The paper that Prof. Doyle gave has been deposited with University Seminars.  The following is a synopsis of the paper.

    Prof. Doyle began his talk by recognising the diverse creativity and volume of Larry Kirwan's work as a playwright, novelist, memoirist, singer, and songwriter.  Kirwan's work "has revealed a restless, playful and bold experimentation that freely mixes comedy, tragedy, drama, farce, satire, music, politics, and history."  Because music is an essential part of all of his plays and his novel, it is hard to separate the playwright-novelist from the rock musician-composer.  Prof. Doyle took the title of his talk from an interview with Larry Kirwan--in which Kirwan describes the experience of playing great rock and roll as being "in the pocket"--and used the expression as a metaphor to describe the nature of his creative process.

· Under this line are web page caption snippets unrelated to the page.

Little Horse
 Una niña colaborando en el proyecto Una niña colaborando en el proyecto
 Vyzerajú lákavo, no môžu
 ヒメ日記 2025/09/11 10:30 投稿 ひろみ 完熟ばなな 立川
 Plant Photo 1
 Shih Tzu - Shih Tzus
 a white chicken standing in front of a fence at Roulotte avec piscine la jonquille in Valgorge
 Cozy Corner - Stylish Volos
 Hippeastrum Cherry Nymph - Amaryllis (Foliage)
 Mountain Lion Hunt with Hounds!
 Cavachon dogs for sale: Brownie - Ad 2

    Kirwan was born and grew up in Co. Wexford, where he lived with his mother (his father was away at sea for most of the year) until he was 9 or 10, and then with his maternal grandfather, an unrepentant republican.  He studied accounting in night school, but never took the final exam, moving to New York City instead, where he lived a restless, bohemian life.  After a failed musical career, Kirwan turned to playwriting and enrolled in the Script Development Workshop, where his first play, Requiem for a Rocker--about a rock musician having a nervous breakdown--received a mixed reaction from the workshop’s participants.  His next play was Liverpool Fantasy, which imagines a world in which the Beatles failed to become famous, and deals with the possible political consequences of their failure.  Kirwan's play sees the Beatles reuniting in a Britain characterised by racial hatred, in which the National Front shares power.  This play was also badly received in the workshop, thanks in part to its unsympathetic portrayal of John Lennon, who had only been dead for five years.  The play opened at the Charas Theatre on Avenue B in May 1986, and was an immediate commercial success.  In Liverpool Fantasy, many of the themes that have occupied Kirwan throughout the rest of his career emerge: missed opportunities; a fallen hero who must confront failure; the passing of time; the interplay of the personal and political; and the role of the immigrant as an outsider.  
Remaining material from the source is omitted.